Even though I didn’t change any configs on my server, the BF3 inferfaces for aerial00 and aerial01 just disappear as below after I rebooted the server,
(It seems the two interfaces of BF3 have been wiped out.)
No BF3 interfaces for aerial00, aerial01 on the ip link list
**2. terminal log**
root@SKT-6GTB-ARS:~# sysinfo-snapshot.py
/usr/sbin/sysinfo-snapshot.py:21: DeprecationWarning: The distutils package is deprecated and slated for removal in Python 3.12. Use setuptools or check PEP 632 for potential alternatives
from distutils.version import LooseVersion
Sysinfo-snapshot is still in process...please wait till completed successfully
Gathering the information may take a while, especially in large networks
Your patience is appreciated
+------------------------------------------------------------
Running sysinfo-snapshot has ended successfully!
Temporary destination directory is /tmp/
Out file name is /tmp/sysinfo-snapshot-v3.7.7-SKT-6GTB-ARS-20241119-214015.tgz
/tmp/sysinfo-snapshot-v3.7.7-SKT-6GTB-ARS-20241119-214015.tgz:
SKT-6GTB-ARS-20241119-214015.html
amber_info
cables
commands_txt_output
devlink
dmesg
dmidecode
ecn
err_messages:
dummy_functions - contains all not found commands
dummy_paths - contains all not existing internal files (/paths)
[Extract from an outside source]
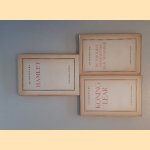 De vrolijke vrouwtjes van Windsor; Hamlet; Koning Lear (3 delen) door William Shakespeare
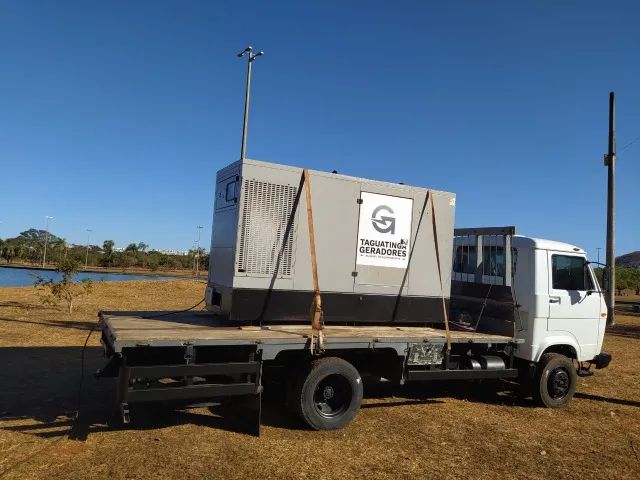 Locação e Aluguel de Geradores de Energia Pequeno, Médio E Grande Porte. - Foto 4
dummy_external_paths - contains all not existing external files (/paths)
etc_udev_rulesd - contains all files under /etc/udev/rules.d
ethtool_S - contains all files which are generated from invoking ethtool -S <interface>
firmware - contains all firmware files (mst dump files and commands outputs)
journal
lib_udev_rulesd - contains all files under /lib/udev/rules.d
lshw
pcie_files
performance_tuning_analyze.html
pkglist
show_irq_affinity_all
sr_iov.html
trace
var_log_dmesg
var_log_syslog
According to the dmesg log, the driver somehow failed to load for 0000:01:00.0 and 0000:01:00.1.
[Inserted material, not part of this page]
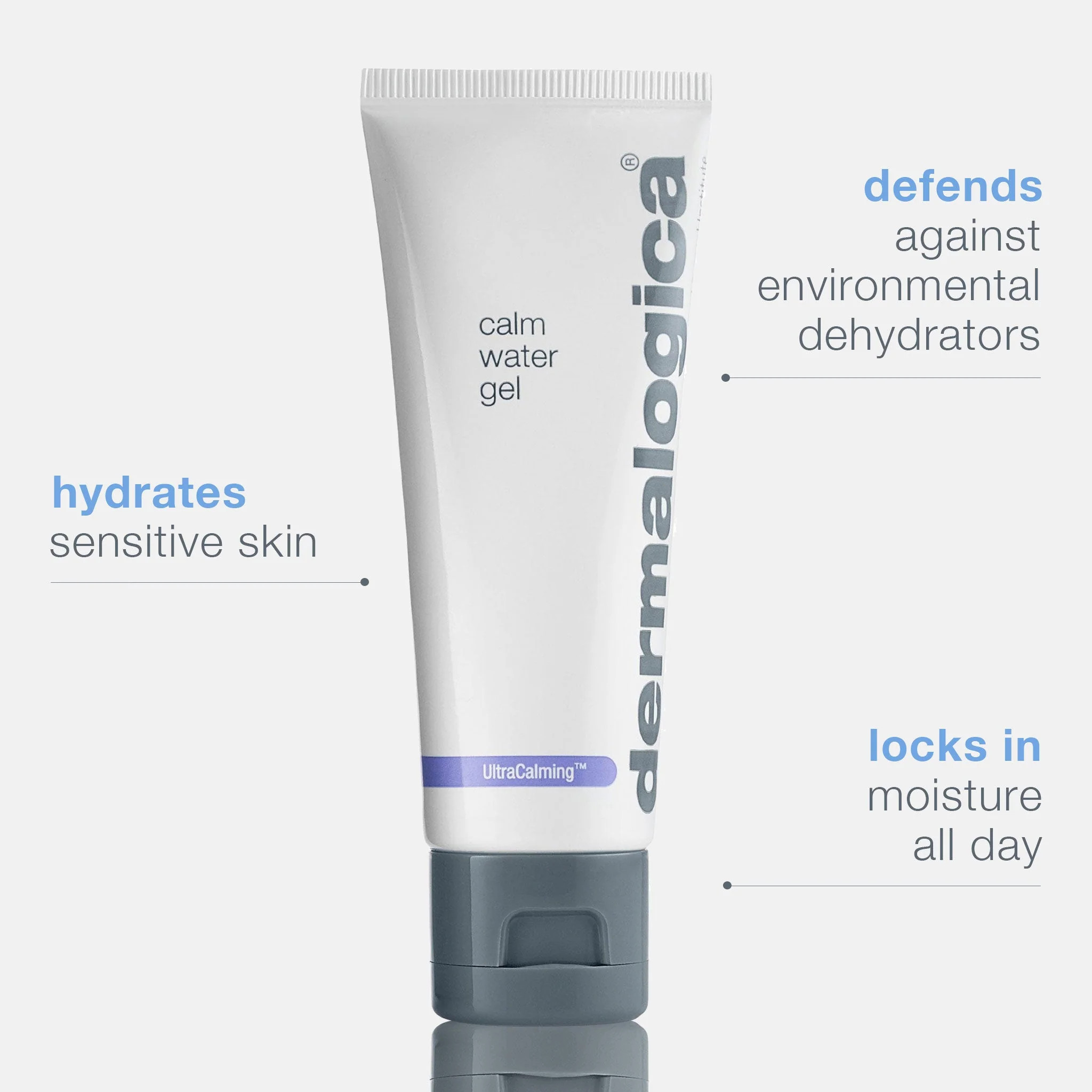 Calm Water Gel For Sensitive Skin | Dermalogica® | Dermalogica (US)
[Tue Nov 19 16:02:14 2024] mlx5_core: probe of 0000:01:00.0 failed with error -16
[Tue Nov 19 16:04:14 2024] mlx5_core: probe of 0000:01:00.1 failed with error -16
I’m still checking the provided logs, but could you please try a cold reboot (i.e., full AC cycle) or ipmi chassis power cycle commend (you need to install ipmitool) while I’m doing so? I’ve seen this kind of driver-loading error in the past, and performing a cold reboot resolved the issues.